Cultural Desert for America
I know this is an imminent event with the way we are headed as the attitude "information wants to be free" cultivates our mainstream culture. The fact that the movement works to ingrain this idealism into our society as a whole, and even globally, justifying theft of creative works by authors and artists should alarm us all. In nations that agree to make a pact with each other to protect copyrights of existing original works, there seems to be a lack of active enforcement.
Now, why is that? Just why is it that the rights of writers and artists alike put at such a low priority?
Before anyone puts an answer to these questions, please consider the Pythagorean angle on how this petulant movement came about, where it all began: the internet. The digital age of technology gives us a sense of falsehood in terms of knowledge with free information shared across the globe. The fact that "fair use" has been hijacked by so-called neo-corporate gurus famed for their single-million dollar success stories indicates white-collar crimes pay. And it pays well. At a time when our country runs the risk of open civil war, you bet it pays, because that means our rights are being ignored. Laws are broken. Our own civil liberties are violated with theft and damage to property, of which are not limited to the physical world, but includes the digital extension as well.
Why Is It So Goddamned Hard to Make a Living as a Writer Today? Doug Pearson (The Writing Life via The Authors Guild) asked the question what a writer like me has been wondering.
Pearson's article discusses the dangerous roving trend of free content on the internet in the wake of technology blooming for globalization. The attitude of self-proclaimed entitlement to other people's property has seeped into our society as a whole. It extends to intellectual property on a massive scale when giant corporates like Google and Amazon usurp a loop hole, claiming "fair use" to the works of writers and authors for so-called "educational purposes" in the crusade that "information wants to be free". Seriously, that is what's costing the income of writers. When 90%-98% of your work is available to the users of Google just for the taking, makes you wonder just where is the desire to fund your book writing where credit is due? This in effect drives writers into other industries and discontinue new writing. No new books to be published, because the literary industry reneges from supporting writers. Not that traditions are being broken, but the faith of literary income no longer promises security for writers.

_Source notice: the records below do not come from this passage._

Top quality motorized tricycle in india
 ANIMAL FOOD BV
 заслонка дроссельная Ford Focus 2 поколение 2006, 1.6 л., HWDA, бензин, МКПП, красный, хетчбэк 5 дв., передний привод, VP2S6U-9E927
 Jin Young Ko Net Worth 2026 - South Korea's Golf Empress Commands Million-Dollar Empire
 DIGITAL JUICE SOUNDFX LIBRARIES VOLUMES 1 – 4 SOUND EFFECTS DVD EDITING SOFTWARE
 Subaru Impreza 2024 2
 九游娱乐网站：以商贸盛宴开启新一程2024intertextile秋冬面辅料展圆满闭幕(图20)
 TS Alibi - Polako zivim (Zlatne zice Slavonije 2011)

I feel these companies do it with the backing of government turning the other way due to kick-back favors in using their inside technology that monitors everything we do over the internet. In other words, spying via internet which includes but not limited to phone conversations, chatting, texting, location, internet search usage, sharing pictures or whatever else content electronically----everything and anything that is related to the internet is up in the cloud storage server ready for the picking even though that may be illegal to retrieve. Yes, I know I sound like a nut case for writing this, but the price of free content must come from a tab somewhere. Who pays for it and why? Advertisements? If that is true, then why has Google pushed for their Adsense so much? How often do people buy on impulse anymore when the economy was on its way to slump into depression?
While people are protesting or demonstrating in the streets demanding "justice" at college campuses propagating targeted censorship of free speech, the cultural revolution has already begun under our noses. Just think of how Google's search engine limits our freedom to the content we want. Can you imagine the enormity in that ability?
If nothing is done to reverse the effects of these things, we are headed to the brink of a cultural desert. There will be fewer books to be written. We will be set back a generation or two, maybe three reading old material floating around the vast internet that egregiously shares copyrighted works currently.